One investigator found that workers:
“lived in fear of being ¬disciplined over ‘idle time’ and ¬losing their jobs just because they needed the loo.”
Economic exploitation
By people to the bone in a low-wage regime (earning less than $30,000 per annum in the US – with many forced to rely on foodstamps), Jeff Bezos, the owner of Amazon, has managed to become the richest person in the world. This is capitalism in the 21st Century and as a system of economic exploitation it doesn’t differ much from the system of capitalism that existed when Karl Marx was alive 140 years ago.
Capitalism breeds inequality and fosters division. It creates a culture that allows disgusting prejudices such as racism, sexism, homophobia and transphobia to grow.
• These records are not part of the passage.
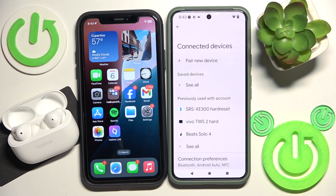Hello everybody and welcome! In this video I will show you how to enable dual connection for your headphones Realme T310.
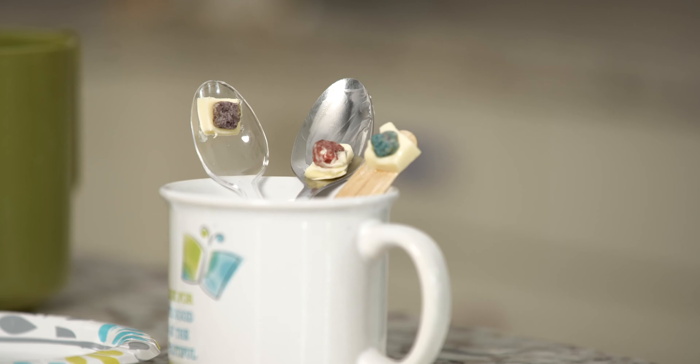The cereal on our metal spoon was the first to slide down. Why do you think that happened? Metal is a much better conductor of heat than plastic or wood. As the metal spoon warmed up from the boiling water, the butter melted and the cereal slid down.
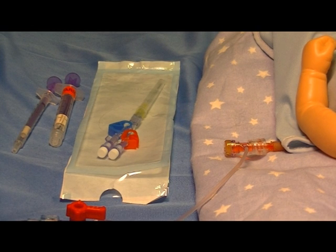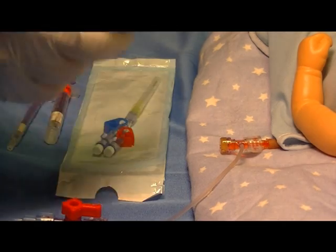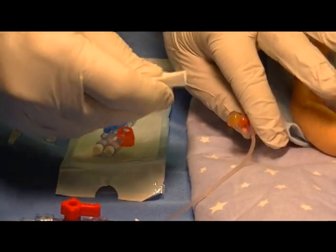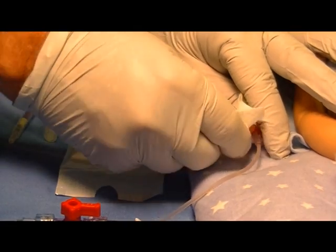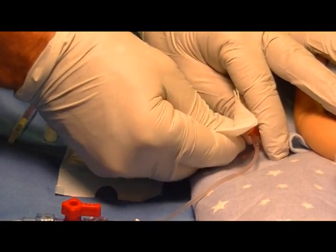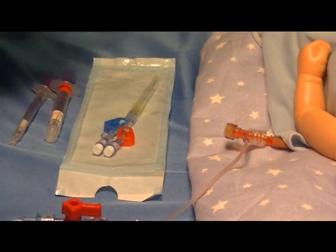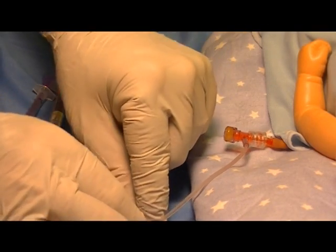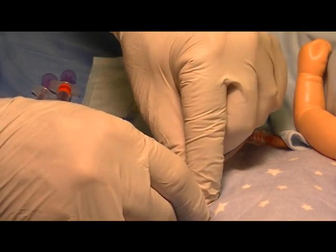The first step is to prep the T-connector according to your hospital's policy and then clamp the T-connector to prevent flow from the line.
If we want to end these evils, this system must be challenged and overthrown on a global scale.
The need to organise
Workers, the poor, young people, women, LGBTQ people and all the oppressed have a common enemy and we have the power to defeat it. But we must organise, because the billionaire class that rules our society is highly organised through its ownership and control of the wealth of society, and the modern state and mass media, which defend and propagate its class interests.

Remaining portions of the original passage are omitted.